3/10
Self-Indulgent Garbage
25 June 2012
Warning: Spoilers
Sometimes it's a bit too easy to confuse a film thats well made with a film thats actually good. This is one of those films.

It's technically beautiful; great cinematography, interesting locations, thoughtful soundtrack, good cast... it checks all the boxes, and almost tricks you into thinking you're watching a movie that is way better than it really is.

But it all falls apart. Beyond the technical competence, the film is an outright disaster. Here's the big spoiler alert: They all die in the end. These guys made a suicide pact in college, and now, as adults, feel compelled to stick to it. Because everyone always has the best ideas in college. Makes total sense.

In a nutshell, these four guys were best friends in college, and were heavily into drugs also. After college, they continued to meet one week a year for a group drug binge at a rented mansion somewhere. Except now they're all middle aged and not really super happy about the direction their lives took (really groundbreaking stuff, I know), but the twist is that when they were kids, they made a drug-fueled pact that if they were unhappy as middle-aged men, they'd kill themselves. The super seriousness of this pact is underscored by the fact that they signed their names in blood.

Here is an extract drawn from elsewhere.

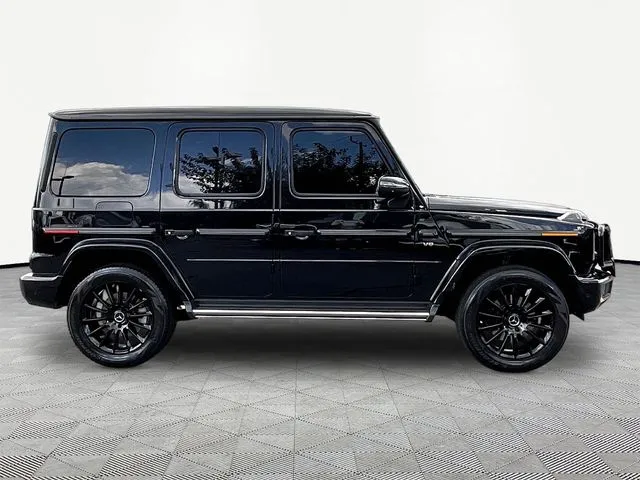 Mercedes-Benz G-Class photo 8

Naturally, they follow through (I mean, don't we all look back on our college years as when we were the most logical?)... but only after a lot of really predictable and silly lines of dialog are thrown around, like 'thats who you WERE man, and look at you NOW... you're not YOU anymore, none of us are' and 'if your college self could SEE you now he'd HATE what you became, man, how can you go on living like that?' and 'you signed it in BLOOD... that's your BLOOD on that contract, and that MEANS something, man'.

Yes, it's ridiculous, but these lines are delivered against great cinematography and cool music playing in the background, so you almost don't realize how inane the characters actually sound. I say almost, because ultimately this film can't hide from it's awfulness, and the longer you think about it, the clearer it becomes.

Really it comes down to a group of privileged, self indulgent upper-middle class men acting like complete children for a week, and then dying. Oh, you didn't become a great novelist like your wanted? Cry me a river, dude.